Tuesday, February 9, 2010

CCforP Lecture Series: David Sullivan

Yesterday I had the pleasure of attending the 2nd monday lecture series at the Charleston Center for Photography to listen to photographer asistant and photographer David Sullivan, aka Sully

He's a talented photography that has also had the opportunity to work as a first assistant to many top names in the fashion/photography industry.  Sharing his insight on being an assistant to other photogs is useful to anyone that has or wants to assist other photogs while gaining experience in the industry.  Not only is he well versed in the art of being a photo assistant, his witty presentation style rather enjoyable as well, sometimes even comical.

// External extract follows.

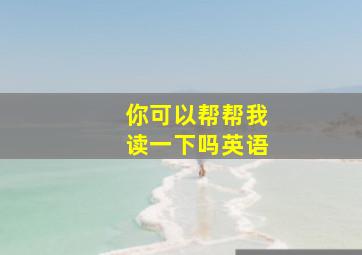 你可以帮帮我读一下吗英语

Since I got there way to early, I did what any photographer would be.  I shot.  Being in a little bit of a rut lately I decided to play around with some different subjects that are way outside of my normal.

Here they are......

I struggled to find anything interesting to shoot so I whipped out by SB-800 and cybersyncs to make it interesting.  For this, I simply set my flash to about 1/32 power and placed it on a pipe just below and to the left of the window.  Not sure why, but I really like it.  Kind of eery.

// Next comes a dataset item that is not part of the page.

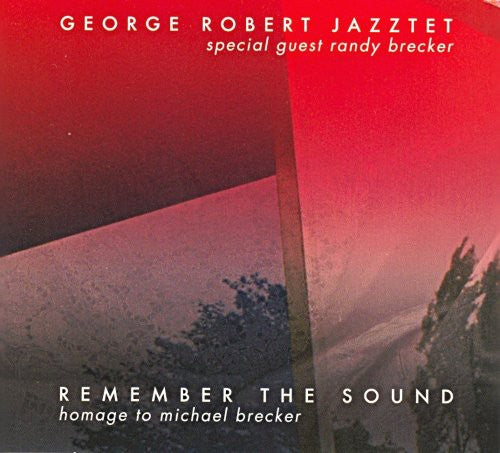 George Robert: Remember The Sound - COMPACT DISCS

I've always been a big fan of simple minimalist photography.  This was an ariael telephone wire right outside of the CCforP.  Since there was still a little bit of daylight left but I didn't want any of the ambient, I set my SB-800 to 1/4 power and held it in my hand just below the lens pointing straight at the subject.  Using my shutter at it's max sync speed allows me to keep the ambient out giving the look as if it's completely dark outside, while a larger aperture (f4) allowed me to capture the right amount of flash since it was a relative long distance.  Just simple long throw hard light.



For those that are learning to mix ambient with flash lighting like me, here's the biggest tip I can give you.  Aperture controls flash while Shutter controls the ambient light. 

In a studio environment where flash is 100% of your available light, the shutter speed doesn't even matter.  Set it to whatever you want as long is it's at or below your max sync speed.